On December 5, 1933, Prohibition came to an end with the repeal of the 18th Amendment to the U.S. Constitution, which had outlawed the manufacture, sale, and transport of alcohol since 1920.

Utah ends prohibition for nationThe passage of the 18th Amendment had been the result of decades of work by religious and progressive groups to permanently eliminate the consumption of alcohol in the United States. Groups such as the Woman’s Christian Temperance Union and the Anti-Saloon League believed that getting rid of alcohol would remove many of society’s ills. Brewery-owned saloons, in particular, were seen by temperance and prohibition groups as the root of many evils, and these establishments were targeted by activists such as Carrie Nation, who became famous for smashing up saloons.

Finally, by late 1917, there was enough support in Congress to pass the 18th Amendment, which was ratified by the states in early 1919. Prohibition was set to go into effect in 1920, and in preparation, the National Prohibition Act (more commonly known as the Volstead Act) was passed in late 1919. Under the Volstead Act, it was illegal to manufacture, sell, or transport any beverage with an alcohol content of more than 0.5%. Exceptions were made for medical or religious needs, and it was still legal to drink in your own home and to make wine for personal use.

Though Prohibition did see an overall decline in alcohol consumption in the country, it had many unintended consequences. It was illegal to sell alcohol, but it wasn’t illegal to buy or drink it, which led to the rise of a black market alcohol industry of bootleggers and smugglers. This strengthened organized crime syndicates, who made significant amounts of money off illegal alcohol. Gang violence increased, perhaps most notoriously in Chicago, and criminals such as Al Capone became household names. With so much money to be made from black market alcohol, bribery of Prohibition agents, police, judges, and politicians was rampant.

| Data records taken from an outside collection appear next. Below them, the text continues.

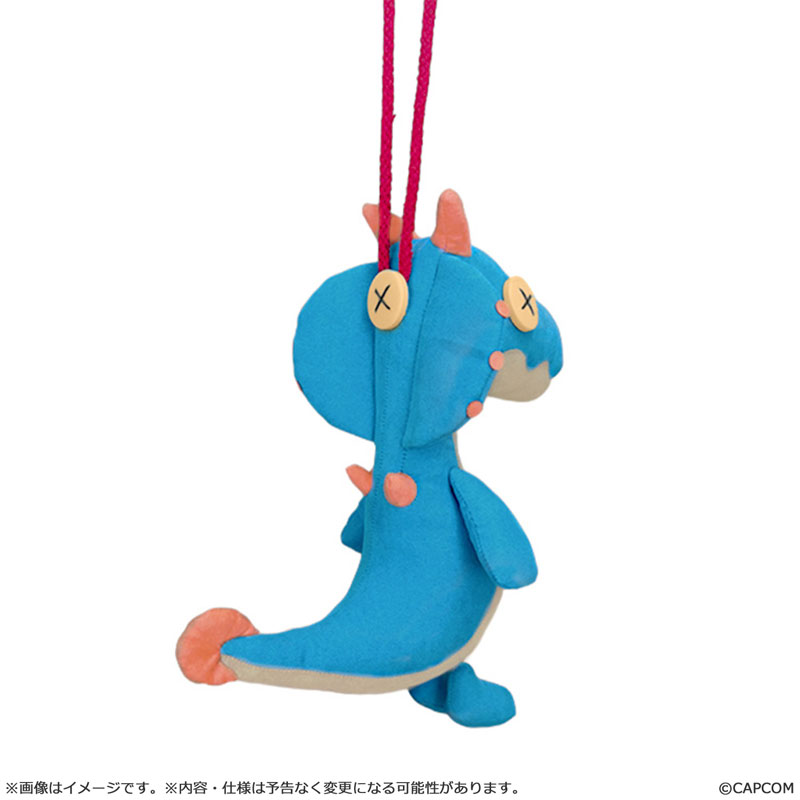 GOODS-04777155_01.jpg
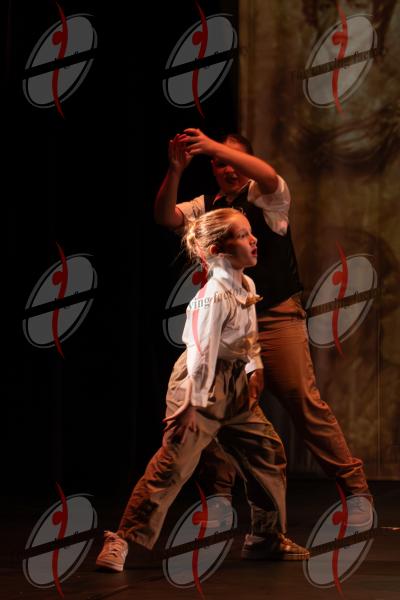 SHOW_01388-2.jpg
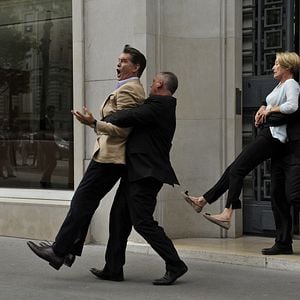 Fotoğraf Love Punch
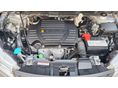SUZUKI VITARA 2017/9 - 9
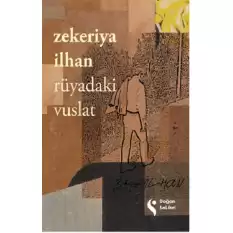 Rüyadaki Vuslat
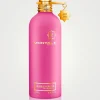 Bubble Forever Eau de Parfum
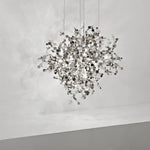 Luminex Pendant Lamp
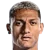 Richarlison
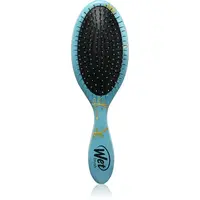 Wet Brush Original Detangler Disney Princess kartáč na vlasy Cinderella 1 ks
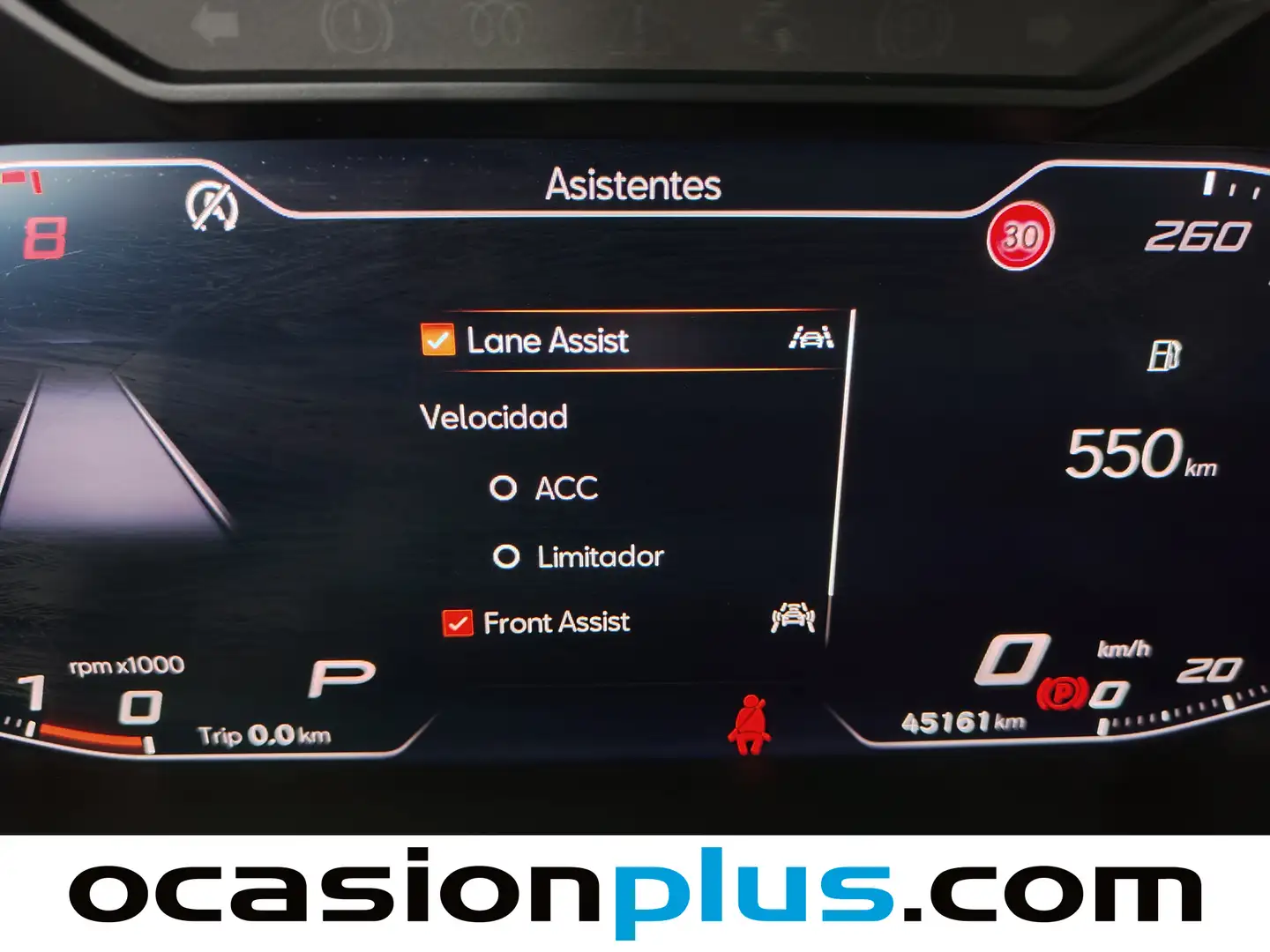 Foto Seat Arona SEAT Arona 1.5 TSI S&S FR XL DSG (150 CV)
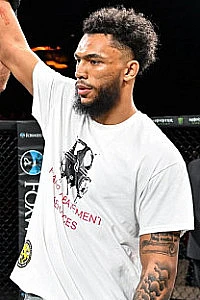 Quentin Pasley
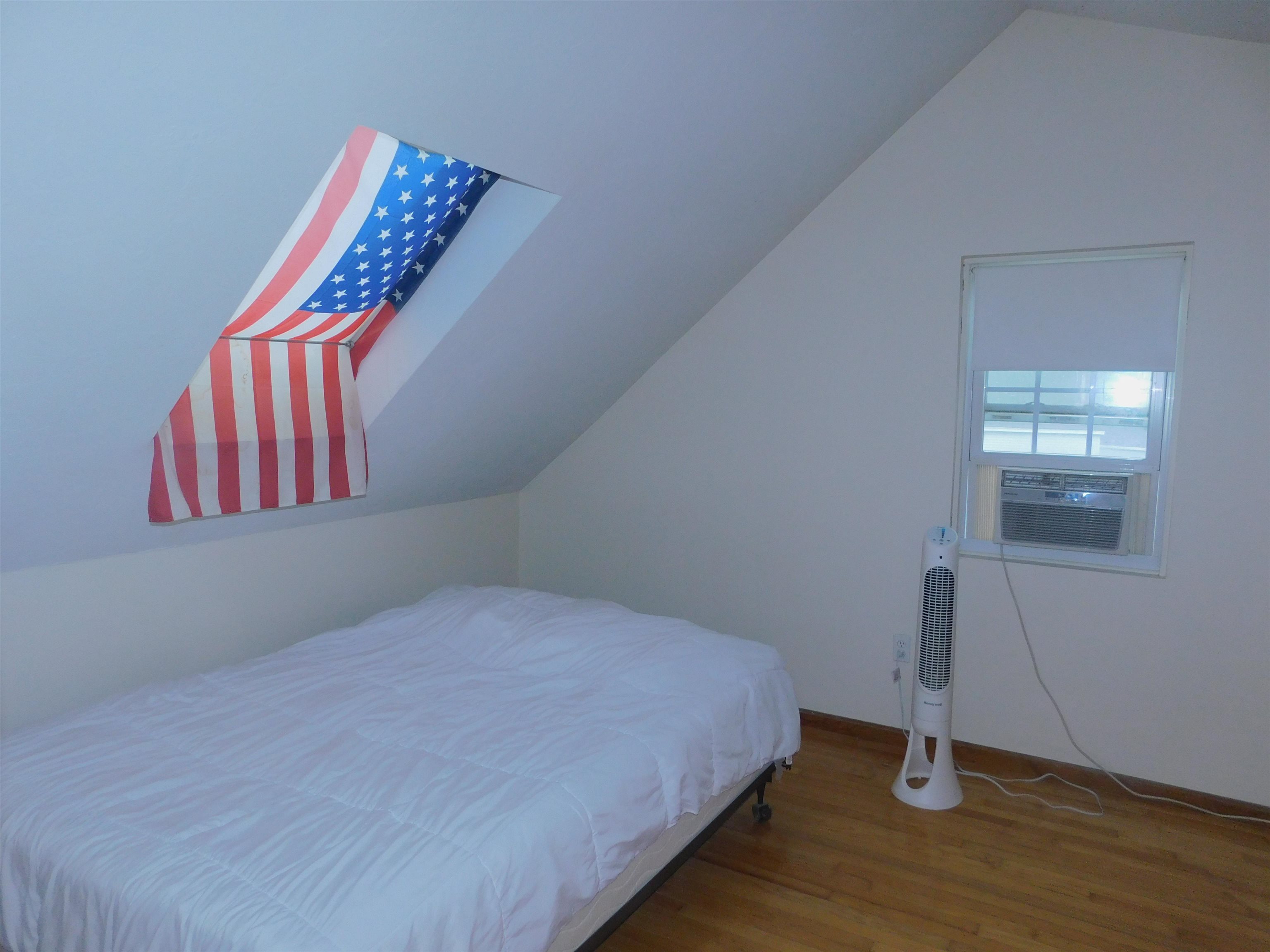329 1/2 Main Dunstable Road Nashua, NH 03062 - Photo 13 of 37 Gallery Image 13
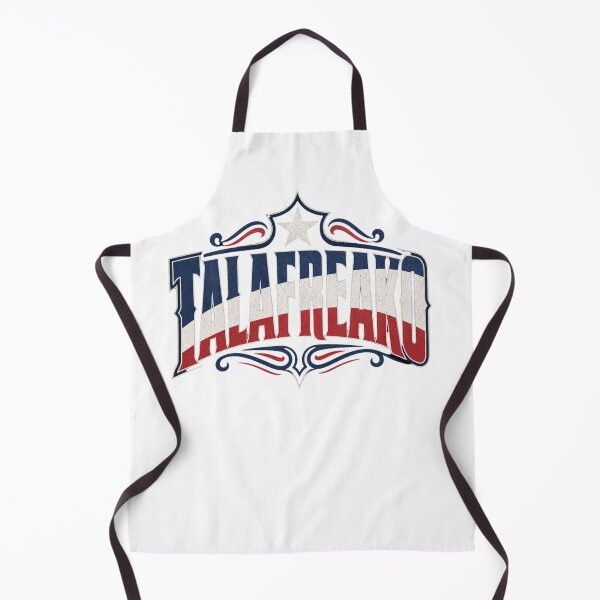 Item preview, Talafreako Texas Pride Vintage Flag Cowboy Western designed and sold by BearLoveDesign.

These and other issues—such as the onset of the Great Depression—as well as the rise of powerful anti-Prohibition groups (such as the Women’s Organization for National Prohibition Reform), finally turned the tide against Prohibition. The 1932 Democratic Party platform was anti-Prohibition, and when Democratic candidate Franklin D. Roosevelt won the presidential election, anti-Prohibition forces passed the 21st Amendment in Congress. The amendment, which repealed Prohibition, was quickly ratified by the states, with Utah casting the deciding vote in favor of repeal on December 5, 1933.

Do you have any family stories about Prohibition? Share them with us! Or find more articles and other information about Prohibition by searching Newspapers.com!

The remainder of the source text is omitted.